[INPUT DATA]
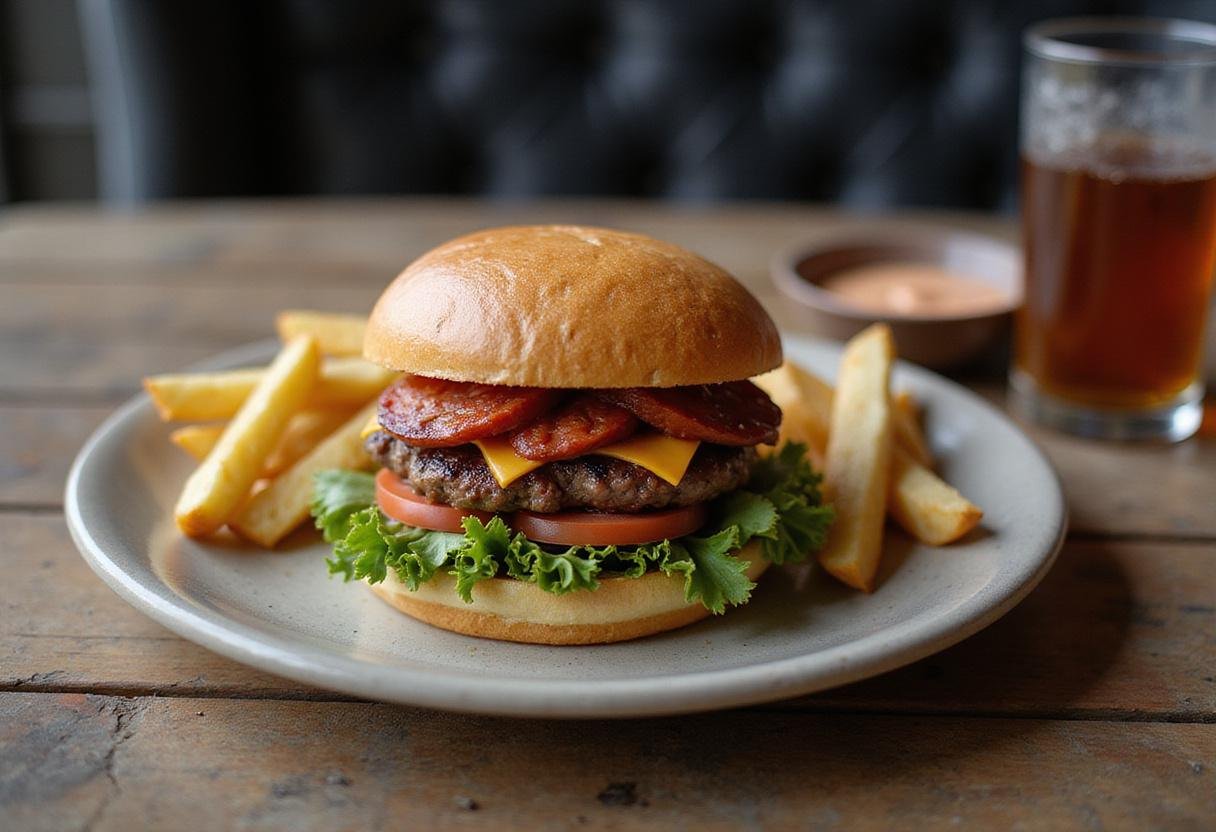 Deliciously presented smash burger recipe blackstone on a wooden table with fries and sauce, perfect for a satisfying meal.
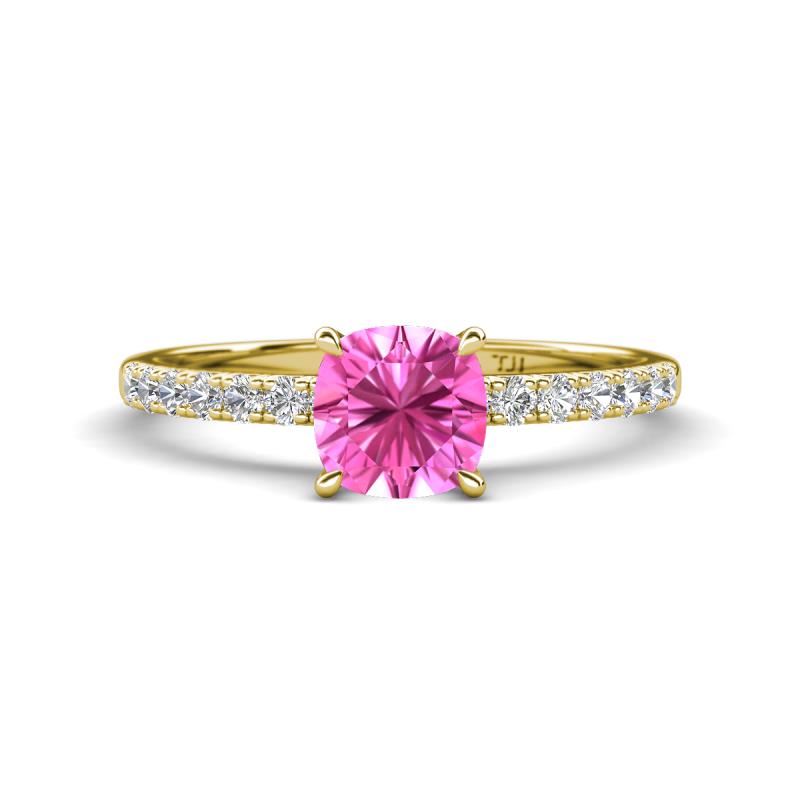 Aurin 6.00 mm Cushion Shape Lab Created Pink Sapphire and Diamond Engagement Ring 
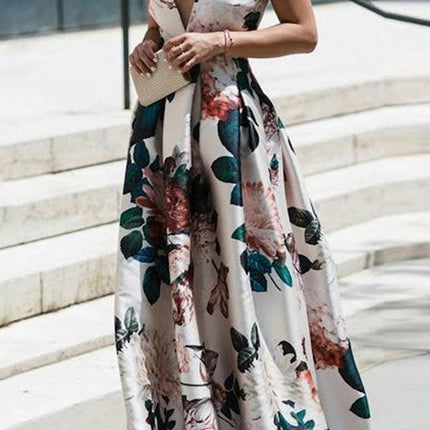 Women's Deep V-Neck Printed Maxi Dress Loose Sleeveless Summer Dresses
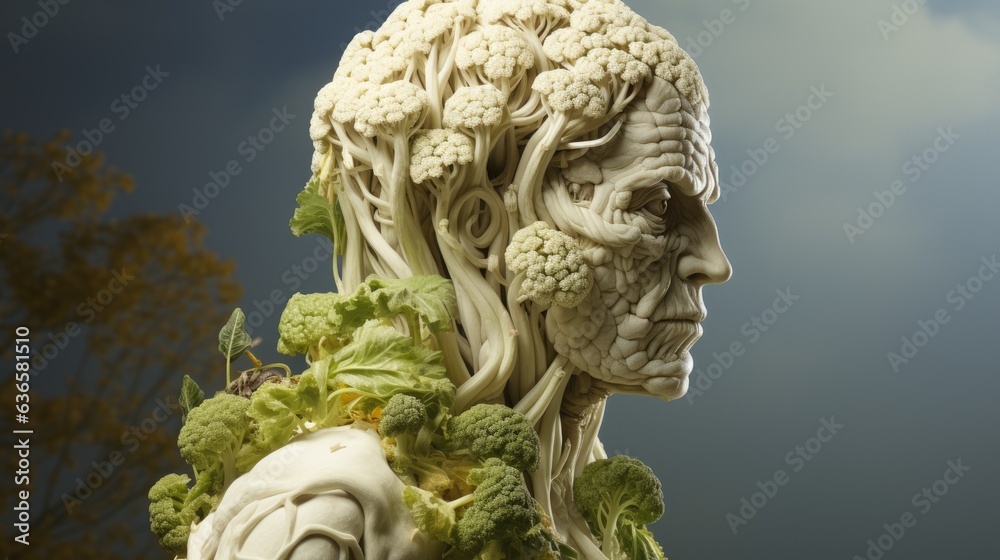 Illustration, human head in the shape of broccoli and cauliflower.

[EXERCISE OBJECTIVE] Leaving the pictures out, output each line of the listing exactly.

[ANSWER SECTION]
 Deliciously presented smash burger recipe blackstone on a wooden table with fries and sauce, perfect for a satisfying meal.
 Aurin 6.00 mm Cushion Shape Lab Created Pink Sapphire and Diamond Engagement Ring 
 Women's Deep V-Neck Printed Maxi Dress Loose Sleeveless Summer Dresses
 Illustration, human head in the shape of broccoli and cauliflower.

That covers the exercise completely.